Press cuttings agencies that either 'scrape' content themselves or buy in services from aggregators will also be licensed and charged - and client companies that receive and forward links from these commercial aggregators within their organisation will require a licence too (http://digbig.com/4yyrb).
The move has provoked some indignant reaction and doubts about its workability. paidContent:UK sees no justification for charging for use of a URL link, as opposed to reproducing actual content (http://digbig.com/4yyrc), and specialist blogger Matt Wardman points out that it raises huge implications for the future legal status of the hyperlink (http://digbig.com/4yyrd).
NLA managing director David Pugh told Wardman that the licence only applied to organisations circulating hyperlinks commercially, not use by private individuals or the results of queries by internet search engines such as Google News (http://digbig.com/4yyre). But news bosses are just as concerned about Google News; they recently told a UK Parliamentary committee that competition rules currently prevented them from sitting down with Google to thrash out a fair payment system - and MPs hinted that they might be able to help (http://digbig.com/4yyrf).
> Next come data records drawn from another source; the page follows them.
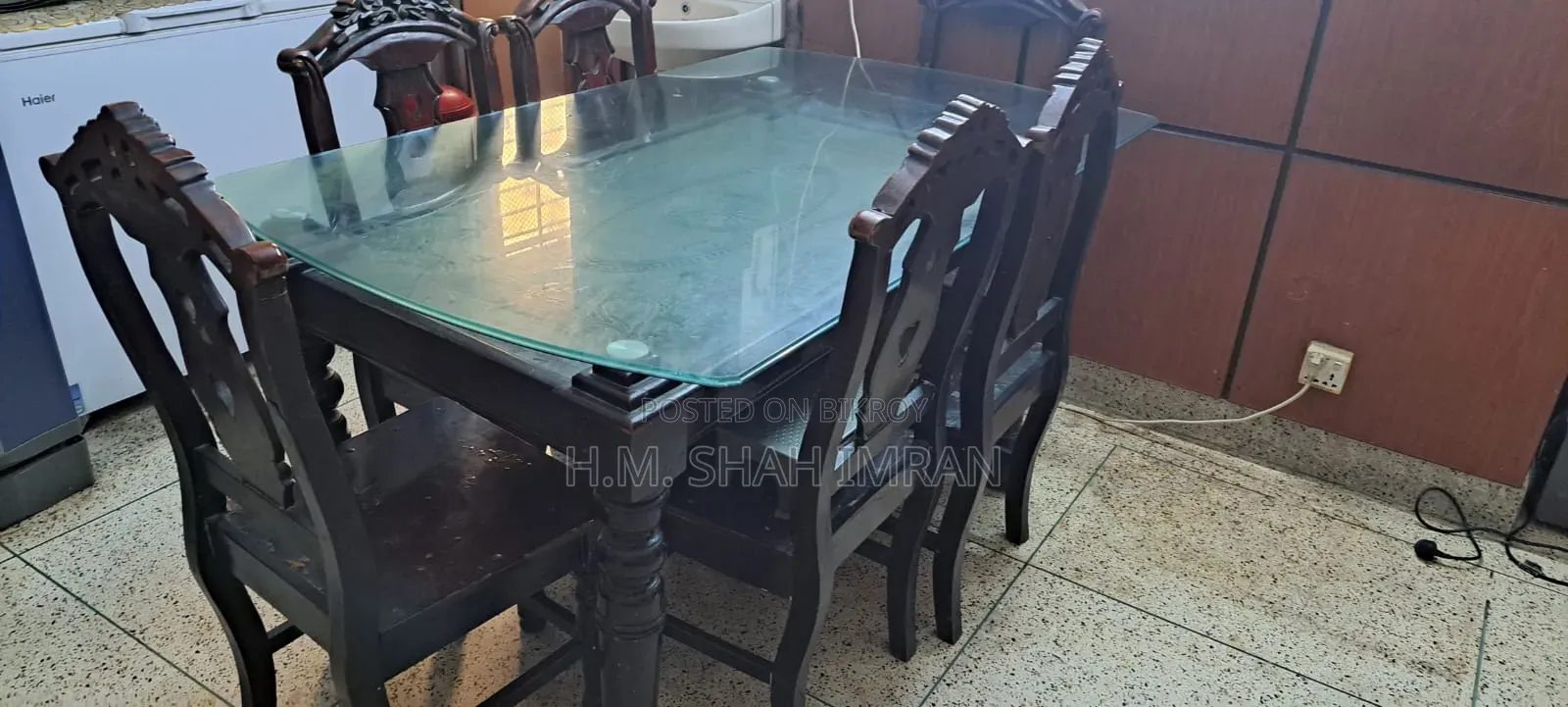 চারটি চেয়ার সহ একটি ডাইনিং টেবিল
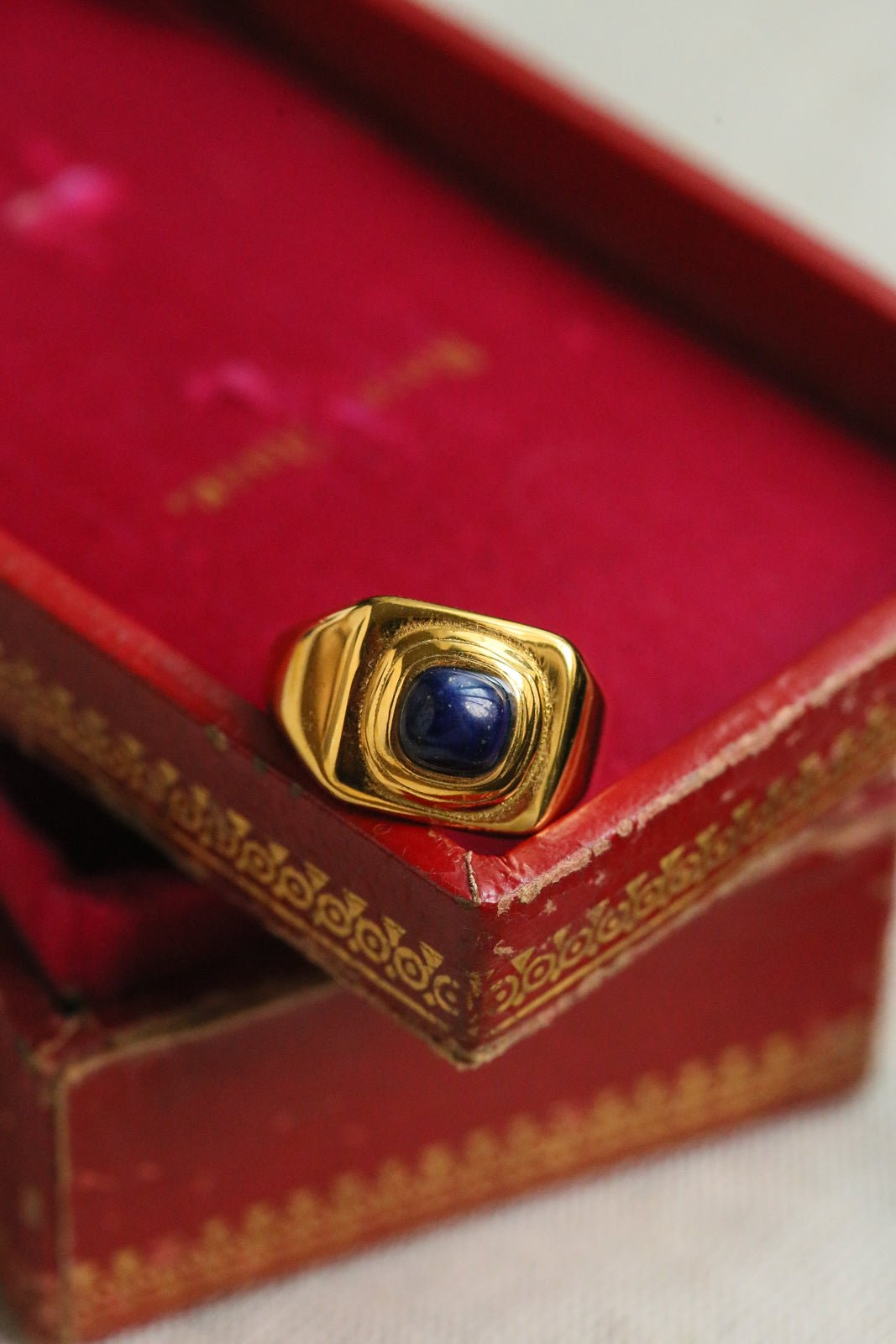Noémie Ring - has waterproof, durable, elegant and vintage inspired jewelry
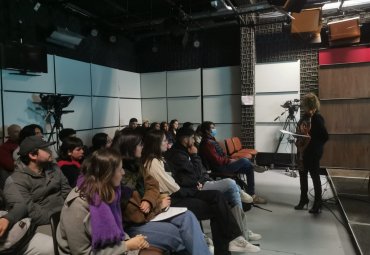 Estudiantes de Periodismo asisten a taller de apreciación “Historias de la Dictadura”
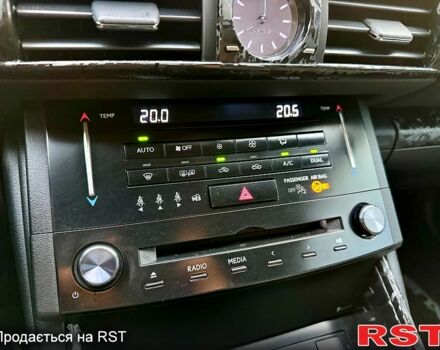 Белый Лексус ИС, объемом двигателя 2.5 л и пробегом 135 тыс. км за 15900 $, фото 7 на Automoto.ua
Meanwhile the NLA is sugaring its pill by offering a new wholesale service called eClipsweb to web aggregators (http://digbig.com/4yyrb) - but at least one commercial aggregator, Moreover, is reported to be considering suing the Agency, alleging that the new charge compromises its business model (http://digbig.com/4yyrg).
This wouldn't the first time that Moreover had been involved in litigation over its use of news - see http://www.vivavip.com/go/e780. It's inconceivable that new costs incurred by aggregators won't be passed on to their clients.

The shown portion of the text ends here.